_DATA PROVIDED_
Segment Open
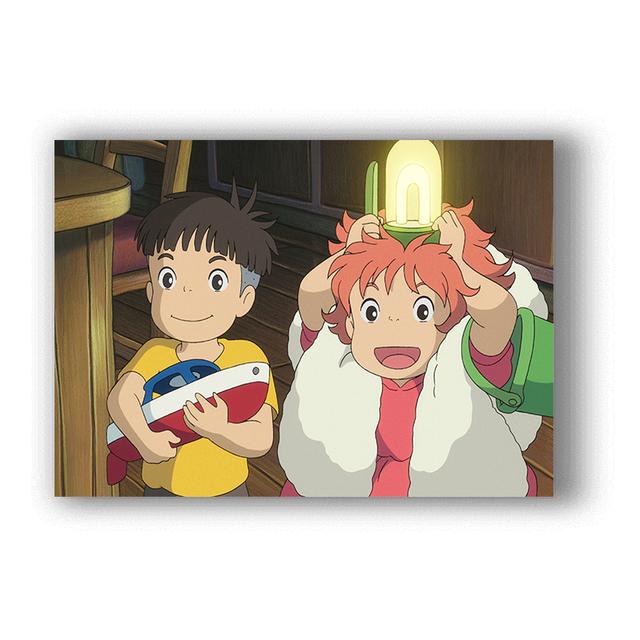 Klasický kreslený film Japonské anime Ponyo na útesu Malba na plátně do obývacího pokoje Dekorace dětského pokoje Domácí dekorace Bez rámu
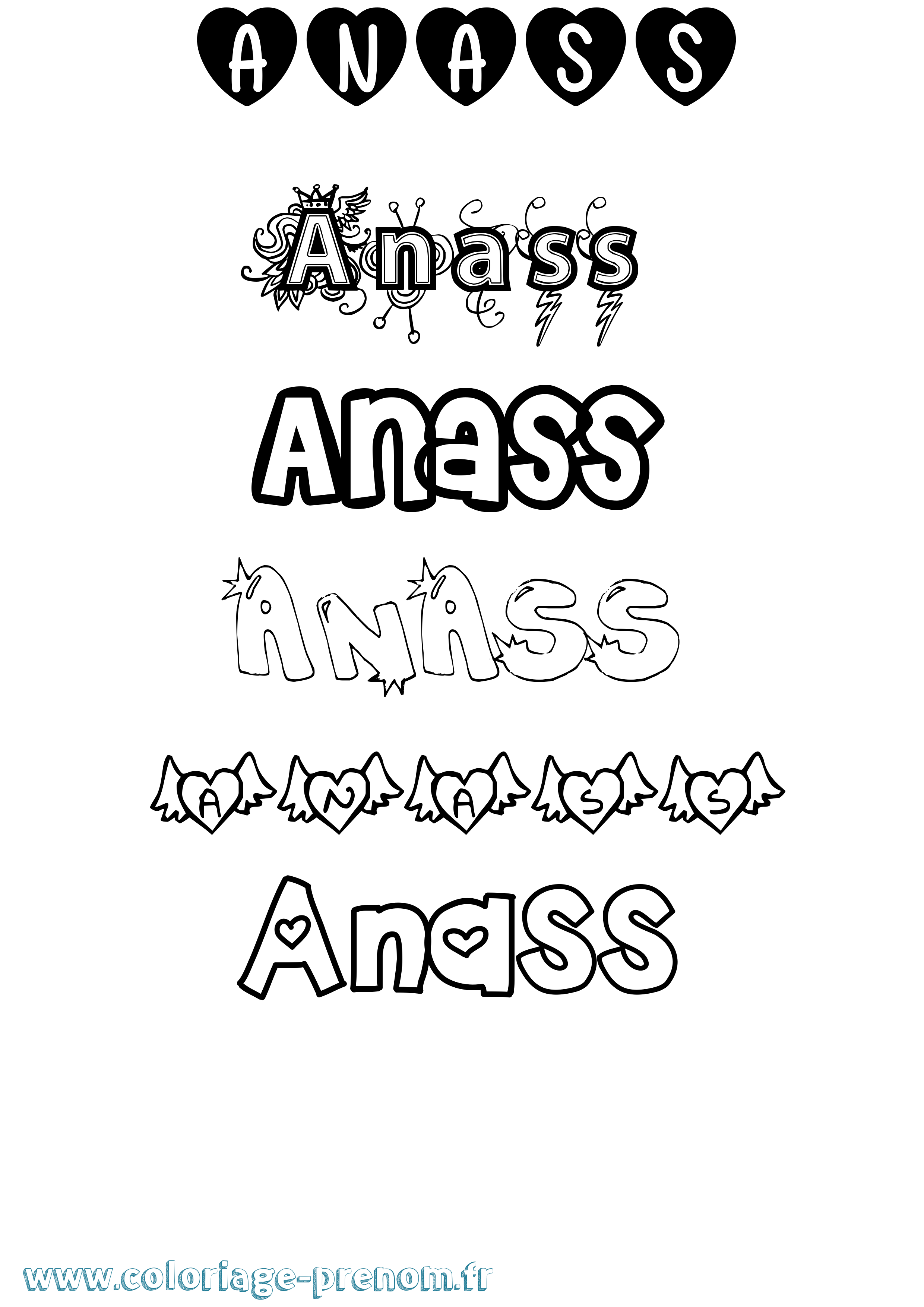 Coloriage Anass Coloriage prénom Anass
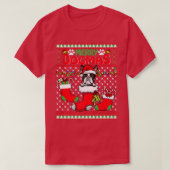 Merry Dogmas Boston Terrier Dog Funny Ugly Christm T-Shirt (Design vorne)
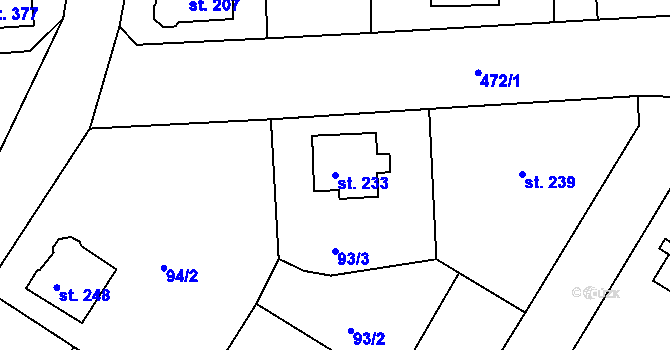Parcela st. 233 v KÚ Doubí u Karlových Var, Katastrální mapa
Segment Closed
_PROMPT_
Extract the run of lines from the line holding "Coloriage Anass Coloriage prénom Anass" through the final line of the material above, exactly and inclusively. Leave the pictures behind.

_OUTPUT FOR THIS TASK_
 Coloriage Anass Coloriage prénom Anass
 Merry Dogmas Boston Terrier Dog Funny Ugly Christm T-Shirt (Design vorne)
Parcela st. 233 v KÚ Doubí u Karlových Var, Katastrální mapa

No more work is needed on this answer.